Work instruction. Provide again, from the entries below, every line from the one containing "CLOUDY BAY LED" through the one containing "How to draw", exactly as written, and no other line.

Task material.
----------------------------------------

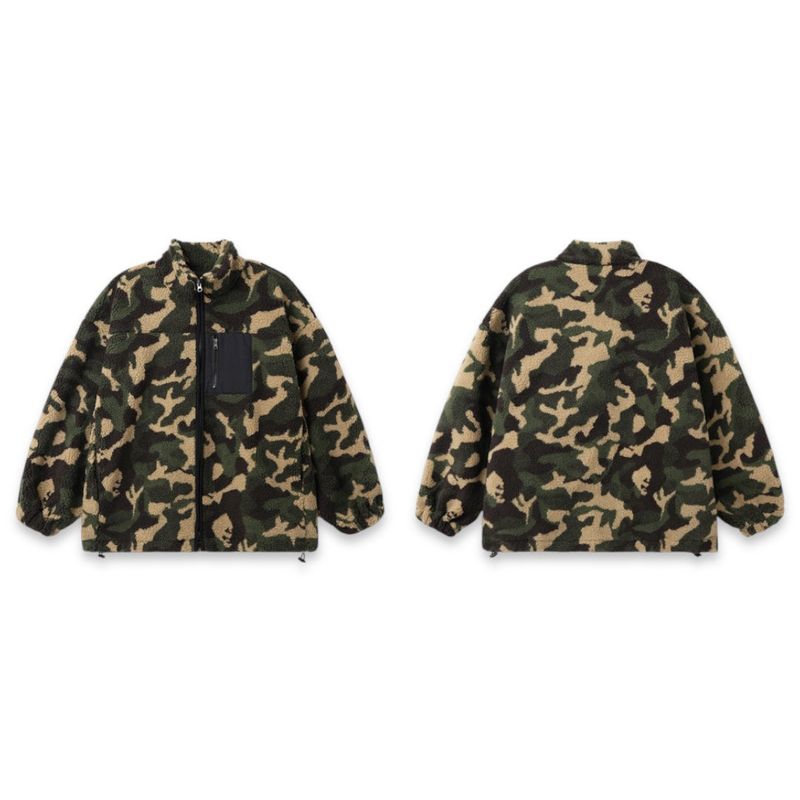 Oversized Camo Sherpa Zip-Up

----------------------------------------

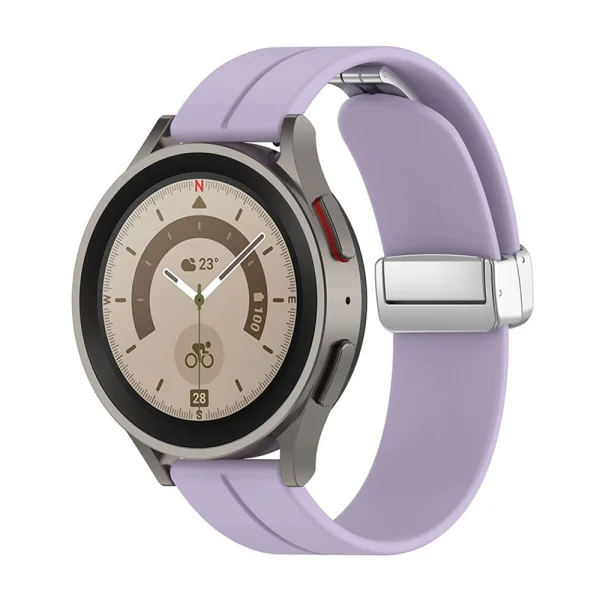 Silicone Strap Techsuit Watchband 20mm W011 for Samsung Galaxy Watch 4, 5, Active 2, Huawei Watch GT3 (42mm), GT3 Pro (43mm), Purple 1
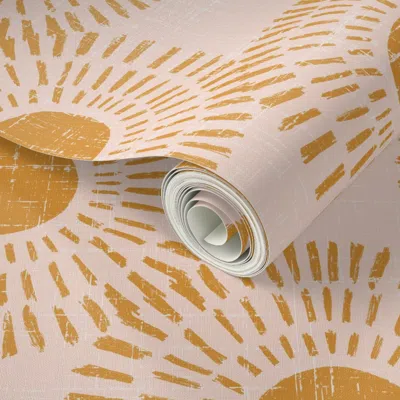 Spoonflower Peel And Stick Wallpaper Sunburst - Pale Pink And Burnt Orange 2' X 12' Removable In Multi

----------------------------------------

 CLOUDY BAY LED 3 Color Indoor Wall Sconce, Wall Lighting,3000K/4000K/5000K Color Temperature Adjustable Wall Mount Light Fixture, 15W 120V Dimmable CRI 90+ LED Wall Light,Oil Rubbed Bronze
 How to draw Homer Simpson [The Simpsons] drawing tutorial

----------------------------------------

Task answer.
 CLOUDY BAY LED 3 Color Indoor Wall Sconce, Wall Lighting,3000K/4000K/5000K Color Temperature Adjustable Wall Mount Light Fixture, 15W 120V Dimmable CRI 90+ LED Wall Light,Oil Rubbed Bronze
 How to draw Homer Simpson [The Simpsons] drawing tutorial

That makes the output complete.